Between Gaza and the West Bank, there are approximately twenty active Palestinian militant organizations. Each group – to varying degrees – utilizes social media to spread its ideology, encourage attacks against Israelis and attract potential recruits.
Before the age of social media, Palestinian militant groups primarily used Mosques, schools and social service centers as a main conduit to circulate information regarding the organization’s activity. However, a significant shift occurred in 2014, when a seven-week-long conflict broke out in Gaza between the Israel Defense Forces (IDF) and Palestinian militant groups. During the conflict, Hamas and other groups extensively used social media to publish and promote footage of strikes on Israeli targets. One of the most infamous publications of the time was a raid against an IDF post near Nahal Oz by Hamas militants, the assault resulted in the death of five Israeli soldiers.
Hamas and other militant organizations learned the value of using social media to push their ideology. During and after the 2018 March of Return riots in Gaza, it became clear Palestinian factions had ramped up their social media presence by routinely publishing videos of attacks.
Throughout 2018 and 2019, militants representing a range of factions formed front groups that waged a low-intensity conflict against the IDF at the Gaza border. These groups, most of them named after iconic figures in Palestinian militancy, often filmed their exploits and published them on various social media platforms. For example, a Hamas front group called Ibna’ al-Zawari, named after Muhammed al-Zawari, used Facebook to publish videos of incendiary-laden balloons that were used to set fire to crops inside Israeli territory.

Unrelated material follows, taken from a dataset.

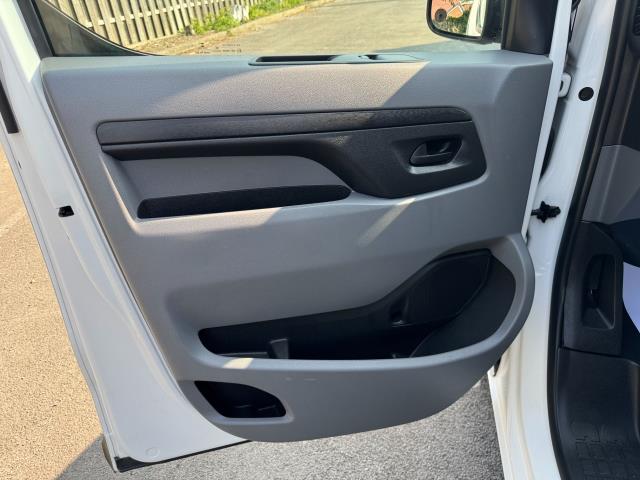2021 Peugeot Expert 1400 2.0 Bluehdi 120 Professional Van (NU21WRD) Image 35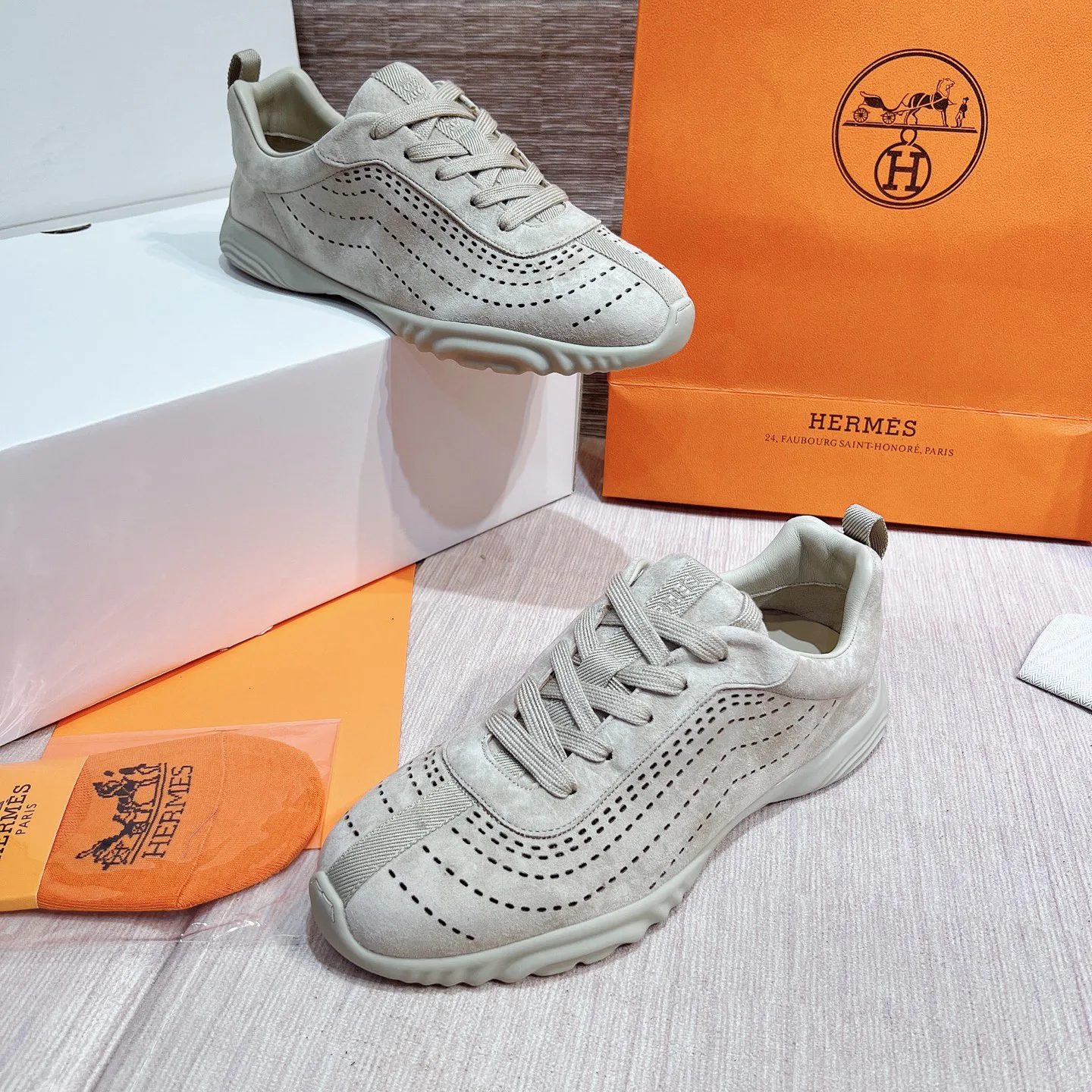 Кроссовки Женские Hermes 17749561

While at some point the groups’ exploits bordered on being absurd, the intent was clear: Palestinian militants groups wanted to draw the attention of Israelis and the international public to the campaign of violence that was being waged at the Gaza border.
Presently, a similar campaign of violence is being waged in the West Bank. With the support of external actors such as Hezbollah, Palestinian militant groups have frequently clashed with Israeli security forces and have launched strikes against Israeli civilians. A major component of the campaign has been social media. Militant groups routinely publish attacks on social media platforms such as Telegram to demonstrate their achievements to the Palestinian street and to the Arab world.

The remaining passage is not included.